Spent the last several weeks doing cleanup and re-seal of the engine, timing belt, getting rid of various SVX parts, collecting parts, and just finished converting the 2006 WRX trans to 2wd and installing the stub axles. Not very exciting visually but I'll throw a few pics up anyway.

The engine was extremely dirty and grimy. The oil that eventually leaked out of the seals turned to tar over time and it took several days to get it all off.

Before:

Attached Image

Attached Image

After:

Attached Image


High pressure car wash would have been great, but unfortunately I don’t know these engines well enough to know what to spray and what not to so it was the old slow method of smear and wipe. Tried several different products including brake cleaner, Goo Gone, Simple Green, but the best results came from Goop. A big tub can be had for about $8 at Harbor Freight.

Attached Image

Put it on, it turns from white to clear, wipe/rinse it with warm water.
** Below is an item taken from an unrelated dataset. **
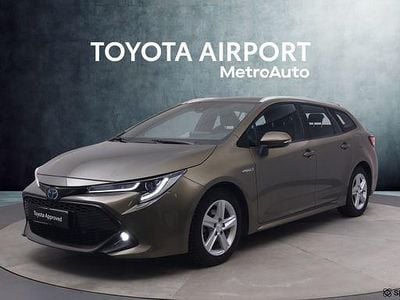 Ruskea (beige) Käytetty 2020 Toyota Corolla Active Farmari | 20 990 € (Perustarjous)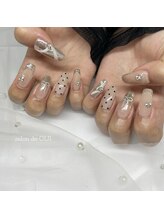 サロンドウイ(salon de OUI)/シルバーネイル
Repeat, repeat.

Bought the full engine reseal kit from Subaruparts.com.

Attached Image

It has some seals you won’t need but pricing the stuff piece by piece it’s still a good deal. Not doing the head gaskets at this point but have them for later. It’s amazing how unfamiliar the seals look.

Attached Image

If these were 914 seals it would be easier to tell what the heck they all are. Just compare the old ones with the new ones. Should be an exact fit.